Premièrement, si vous croyez la déposition de l’accusé, manifestement vous devez prononcer l’acquittement.

 

Deuxièmement, si vous ne croyez pas le témoignage de l’accusé, mais si vous avez un doute raisonnable, vous devez prononcer l’acquittement.

 

Troisièmement, même si vous n’avez pas de doute à la suite de la déposition de l’accusé, vous devez vous demander si, en vertu de la preuve que vous acceptez, vous êtes convaincus hors de tout doute raisonnable par la preuve de la culpabilité de l’accusé.

 

[22]           Compte tenu de l’ensemble de la preuve, la cour est d’avis que le caporal LeBlanc n’est pas un témoin crédible et elle ne croit pas sa version des évènements. Son témoignage est invraisemblable car il n’est pas compatible avec l’ensemble de la preuve et il contient des contradictions et des faiblesses. Le caporal LeBlanc témoigne avoir vu le sergent Campbell s’approcher de son véhicule et s’être arrêté à un mètre de lui et explique pourquoi il n’a pas porté attention au sergent Campbell avant que le caporal Tremblay lui dise que le sergent Campbell voulait lui parler.
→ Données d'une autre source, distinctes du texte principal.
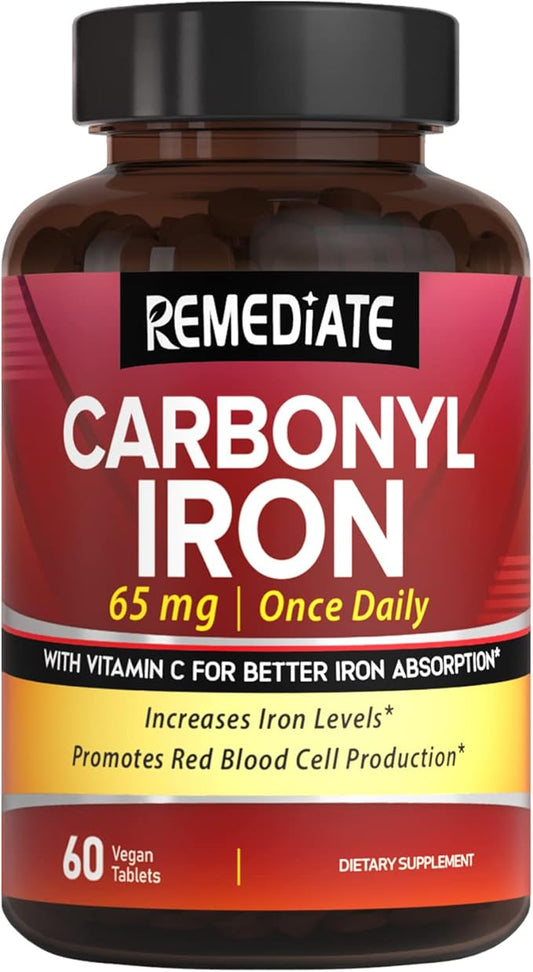 Carbonyl Iron with Vitamin C, Optimal Absorption, 65 mg Gentle Iron for Men & Women, Energy Support & New Red Blood Cell Formation, Easy on The Stomach, Vegan, Once Daily, Non-GMO, 60 Tabs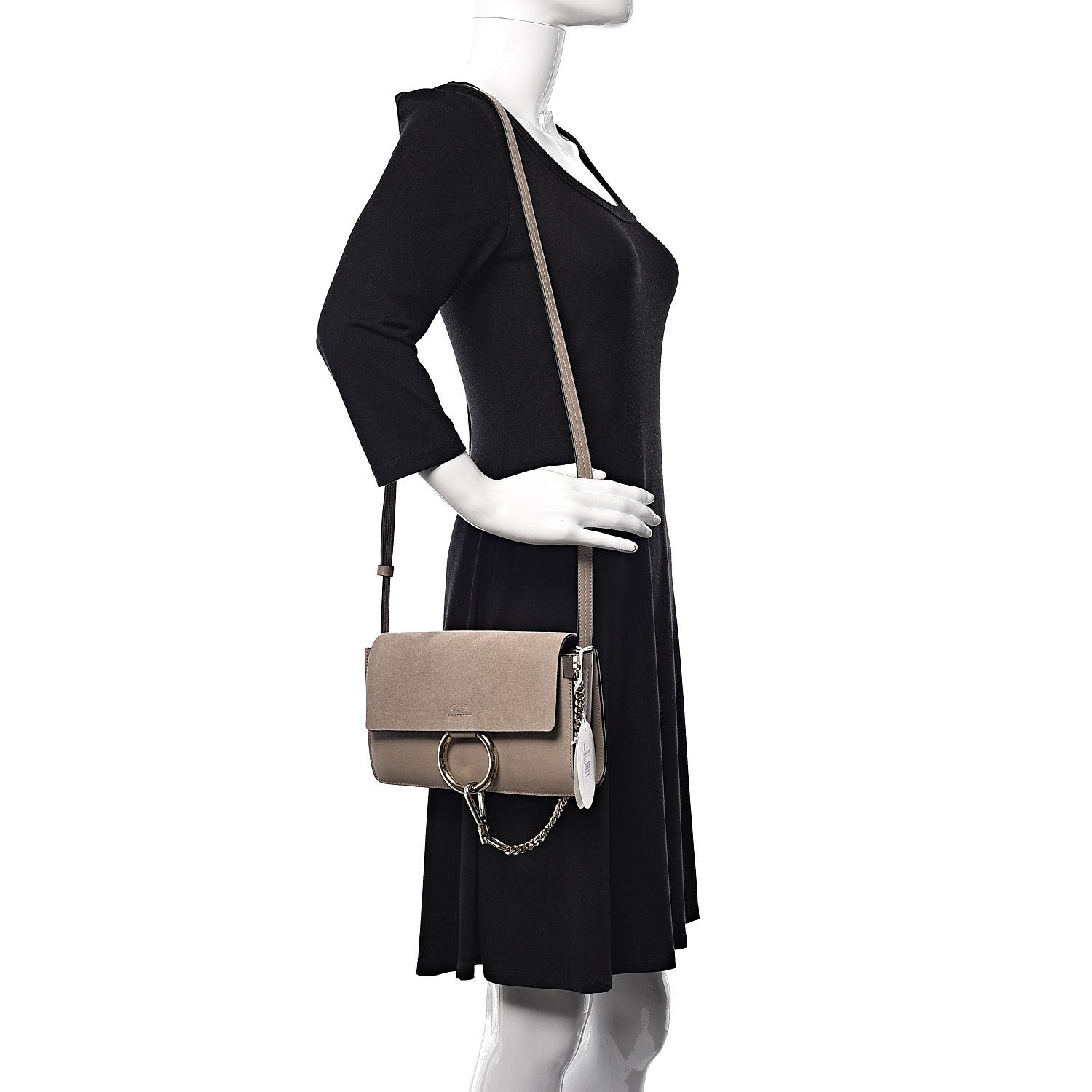 Chloe Suede Calfskin Small Faye Shoulder Bag Motty Grey 1 of 9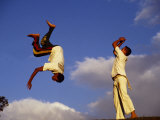 Two Boys Practice Capoeira, the Brazilian Martial Art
Il témoigna aussi qu’il avait vu dans sa vision périphérique le caporal Tremblay s’approcher du camion. Caporal Tremblay témoigna qu’il était très évident de par les gestes du sergent Campbell que ce dernier désirait attirer l’attention du caporal LeBlanc. Alors, il semblerait que le caporal LeBlanc pouvait clairement voir dans sa vision périphérique l’arrivée du caporal Tremblay mais ne pouvait pas voir les gestes évidents du sergent Campbell bien qu’il avait vu ce dernier s’approcher de lui et s’arrêter près du camion. De plus, la description de la réaction de caporal LeBlanc par le caporal Tremblay au moment où le caporal Tremblay a ouvert sa portière ne supporte pas la version du caporal LeBlanc et, bien au contraire, elle indique plutôt la réaction d’une personne qui fut surprise par l’arrivée du caporal Tremblay. Ces contradictions créent aussi un doute quant à la véracité de l’explication du caporal LeBlanc au sujet de sa réponse « Je ne pense pas ».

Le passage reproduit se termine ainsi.